# [YOUR OBJECTIVE]
Line by line, copy out the data that follows.

[Start of Attachment]

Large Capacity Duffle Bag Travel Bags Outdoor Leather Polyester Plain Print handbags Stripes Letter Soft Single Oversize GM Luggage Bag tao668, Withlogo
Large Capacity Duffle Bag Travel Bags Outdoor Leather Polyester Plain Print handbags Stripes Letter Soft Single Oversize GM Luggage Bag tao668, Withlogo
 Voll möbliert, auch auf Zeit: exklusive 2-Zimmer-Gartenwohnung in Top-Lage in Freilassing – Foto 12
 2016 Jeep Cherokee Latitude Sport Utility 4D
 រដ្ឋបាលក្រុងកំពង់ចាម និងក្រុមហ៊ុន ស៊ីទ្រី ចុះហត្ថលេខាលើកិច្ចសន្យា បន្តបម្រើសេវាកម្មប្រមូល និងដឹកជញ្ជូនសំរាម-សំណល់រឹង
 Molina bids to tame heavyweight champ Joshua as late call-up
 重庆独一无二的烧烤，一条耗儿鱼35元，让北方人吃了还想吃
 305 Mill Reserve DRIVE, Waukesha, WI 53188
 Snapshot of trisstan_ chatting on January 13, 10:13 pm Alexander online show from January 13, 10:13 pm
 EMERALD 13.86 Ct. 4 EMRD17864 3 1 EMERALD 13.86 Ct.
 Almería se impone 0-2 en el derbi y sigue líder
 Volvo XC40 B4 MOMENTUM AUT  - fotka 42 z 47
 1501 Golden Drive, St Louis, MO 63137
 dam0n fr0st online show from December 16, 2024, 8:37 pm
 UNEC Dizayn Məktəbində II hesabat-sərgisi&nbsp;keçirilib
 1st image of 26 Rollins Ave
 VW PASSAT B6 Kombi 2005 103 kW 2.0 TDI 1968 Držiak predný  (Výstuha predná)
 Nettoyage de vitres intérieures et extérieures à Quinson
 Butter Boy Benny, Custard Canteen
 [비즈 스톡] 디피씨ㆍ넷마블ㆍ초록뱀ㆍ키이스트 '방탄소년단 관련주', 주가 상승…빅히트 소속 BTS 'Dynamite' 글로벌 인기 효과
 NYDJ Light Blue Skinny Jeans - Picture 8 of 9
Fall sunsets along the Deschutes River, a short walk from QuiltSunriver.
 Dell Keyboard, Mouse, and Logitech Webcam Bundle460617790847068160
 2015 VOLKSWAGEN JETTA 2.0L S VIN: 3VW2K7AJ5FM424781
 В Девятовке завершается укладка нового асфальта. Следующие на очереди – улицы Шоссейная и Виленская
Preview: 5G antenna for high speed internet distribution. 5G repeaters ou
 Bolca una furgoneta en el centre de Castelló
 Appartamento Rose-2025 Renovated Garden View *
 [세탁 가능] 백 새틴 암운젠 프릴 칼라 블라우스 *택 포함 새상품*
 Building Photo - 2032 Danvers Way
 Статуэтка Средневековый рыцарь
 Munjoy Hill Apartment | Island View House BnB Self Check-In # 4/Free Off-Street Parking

[End of Attachment]

# [RESULT]
Large Capacity Duffle Bag Travel Bags Outdoor Leather Polyester Plain Print handbags Stripes Letter Soft Single Oversize GM Luggage Bag tao668, Withlogo
Large Capacity Duffle Bag Travel Bags Outdoor Leather Polyester Plain Print handbags Stripes Letter Soft Single Oversize GM Luggage Bag tao668, Withlogo
 Voll möbliert, auch auf Zeit: exklusive 2-Zimmer-Gartenwohnung in Top-Lage in Freilassing – Foto 12
 2016 Jeep Cherokee Latitude Sport Utility 4D
 រដ្ឋបាលក្រុងកំពង់ចាម និងក្រុមហ៊ុន ស៊ីទ្រី ចុះហត្ថលេខាលើកិច្ចសន្យា បន្តបម្រើសេវាកម្មប្រមូល និងដឹកជញ្ជូនសំរាម-សំណល់រឹង
 Molina bids to tame heavyweight champ Joshua as late call-up
 重庆独一无二的烧烤，一条耗儿鱼35元，让北方人吃了还想吃
 305 Mill Reserve DRIVE, Waukesha, WI 53188
 Snapshot of trisstan_ chatting on January 13, 10:13 pm Alexander online show from January 13, 10:13 pm
 EMERALD 13.86 Ct. 4 EMRD17864 3 1 EMERALD 13.86 Ct.
 Almería se impone 0-2 en el derbi y sigue líder
 Volvo XC40 B4 MOMENTUM AUT  - fotka 42 z 47
 1501 Golden Drive, St Louis, MO 63137
 dam0n fr0st online show from December 16, 2024, 8:37 pm
 UNEC Dizayn Məktəbində II hesabat-sərgisi&nbsp;keçirilib
 1st image of 26 Rollins Ave
 VW PASSAT B6 Kombi 2005 103 kW 2.0 TDI 1968 Držiak predný  (Výstuha predná)
 Nettoyage de vitres intérieures et extérieures à Quinson
 Butter Boy Benny, Custard Canteen
 [비즈 스톡] 디피씨ㆍ넷마블ㆍ초록뱀ㆍ키이스트 '방탄소년단 관련주', 주가 상승…빅히트 소속 BTS 'Dynamite' 글로벌 인기 효과
 NYDJ Light Blue Skinny Jeans - Picture 8 of 9
Fall sunsets along the Deschutes River, a short walk from QuiltSunriver.
 Dell Keyboard, Mouse, and Logitech Webcam Bundle460617790847068160
 2015 VOLKSWAGEN JETTA 2.0L S VIN: 3VW2K7AJ5FM424781
 В Девятовке завершается укладка нового асфальта. Следующие на очереди – улицы Шоссейная и Виленская
Preview: 5G antenna for high speed internet distribution. 5G repeaters ou
 Bolca una furgoneta en el centre de Castelló
 Appartamento Rose-2025 Renovated Garden View *
 [세탁 가능] 백 새틴 암운젠 프릴 칼라 블라우스 *택 포함 새상품*
 Building Photo - 2032 Danvers Way
 Статуэтка Средневековый рыцарь
 Munjoy Hill Apartment | Island View House BnB Self Check-In # 4/Free Off-Street Parking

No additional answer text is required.